■ EXERCISE INSTRUCTIONS:
From the material below, copy exactly the lines beginning with the one that contains "Trayknick Vintage Rustic" and ending with the one that contains "Girls Lace Trim"; the pictures stay out.

■ INPUT DATA:
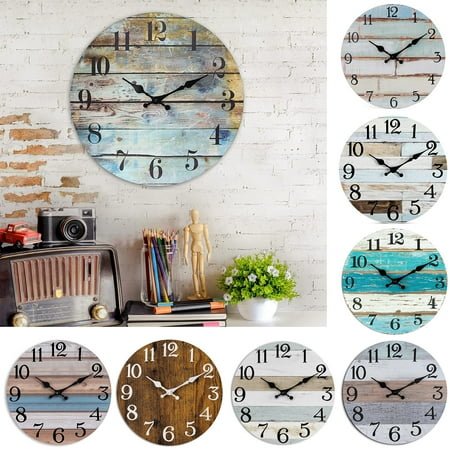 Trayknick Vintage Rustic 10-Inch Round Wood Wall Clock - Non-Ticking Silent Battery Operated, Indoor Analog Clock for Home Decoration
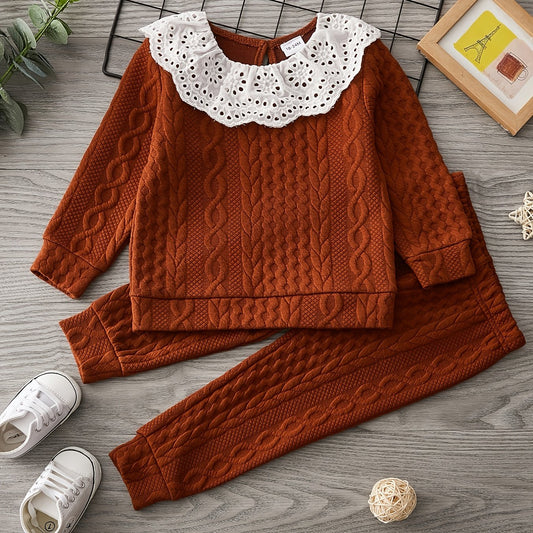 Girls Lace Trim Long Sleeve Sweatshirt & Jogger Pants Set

...

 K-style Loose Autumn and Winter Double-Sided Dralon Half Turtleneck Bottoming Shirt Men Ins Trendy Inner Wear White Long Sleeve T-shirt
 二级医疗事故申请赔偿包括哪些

■ EXERCISE RESPONSE:
 Trayknick Vintage Rustic 10-Inch Round Wood Wall Clock - Non-Ticking Silent Battery Operated, Indoor Analog Clock for Home Decoration
 Girls Lace Trim Long Sleeve Sweatshirt & Jogger Pants Set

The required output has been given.